==== Material shown
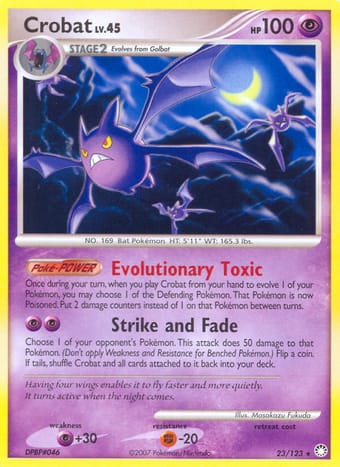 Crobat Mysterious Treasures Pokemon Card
========
==== Material shown
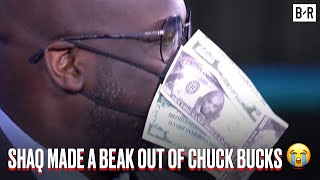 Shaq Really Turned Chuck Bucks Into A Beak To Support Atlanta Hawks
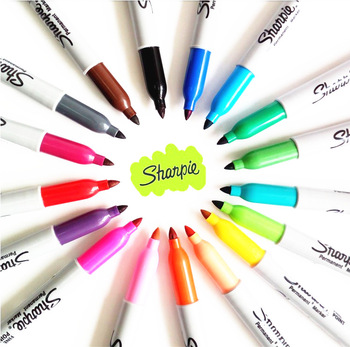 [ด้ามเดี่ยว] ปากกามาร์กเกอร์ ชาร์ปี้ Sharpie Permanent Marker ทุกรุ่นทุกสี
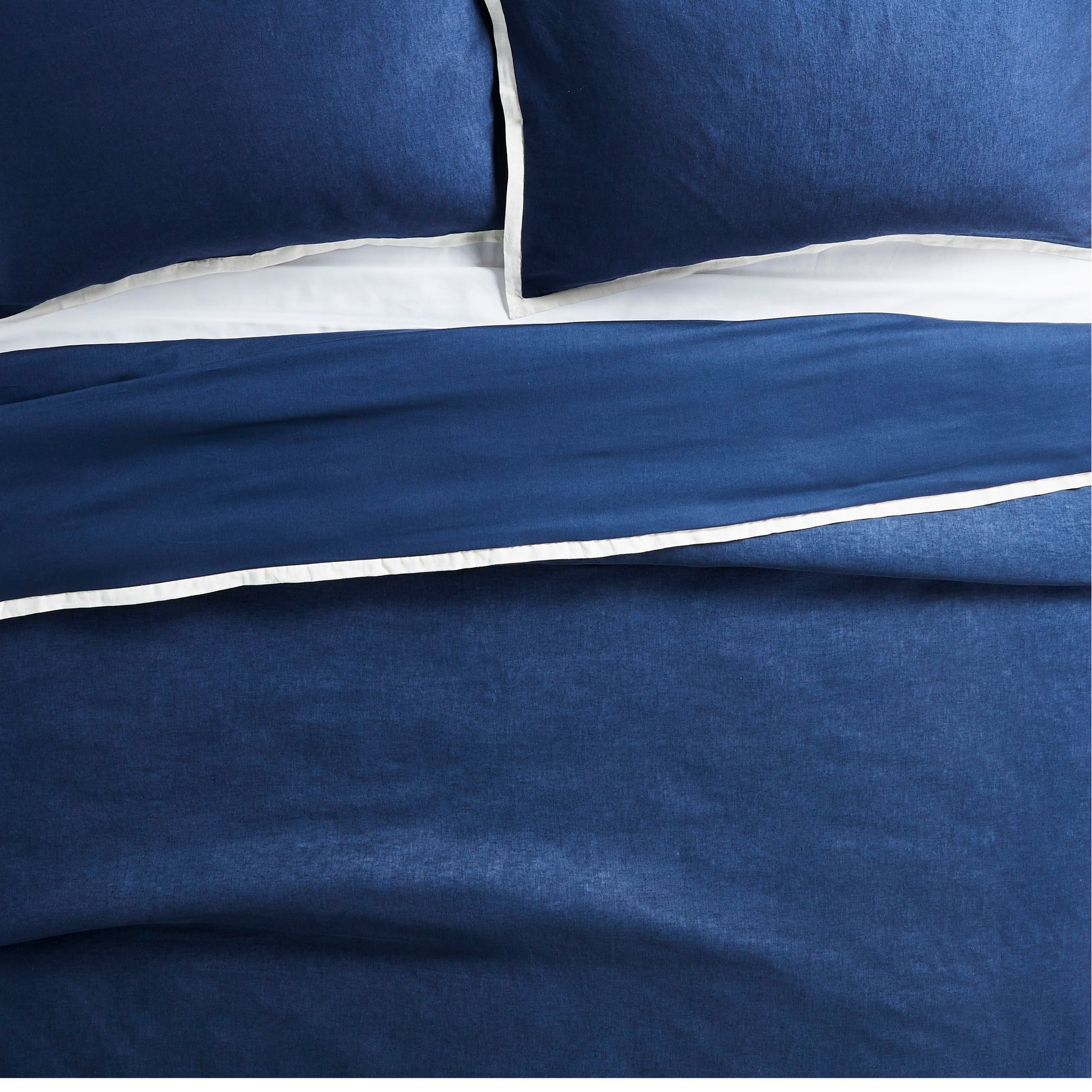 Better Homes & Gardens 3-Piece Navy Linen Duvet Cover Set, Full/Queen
========
Exactly the lines above from the one that contains "[ด้ามเดี่ยว] ปากกามาร์กเกอร์ ชาร์ปี้" down to the one that contains "Better Homes &" are to be output, both ends kept and pictures omitted.

*Task response*:
 [ด้ามเดี่ยว] ปากกามาร์กเกอร์ ชาร์ปี้ Sharpie Permanent Marker ทุกรุ่นทุกสี
 Better Homes & Gardens 3-Piece Navy Linen Duvet Cover Set, Full/Queen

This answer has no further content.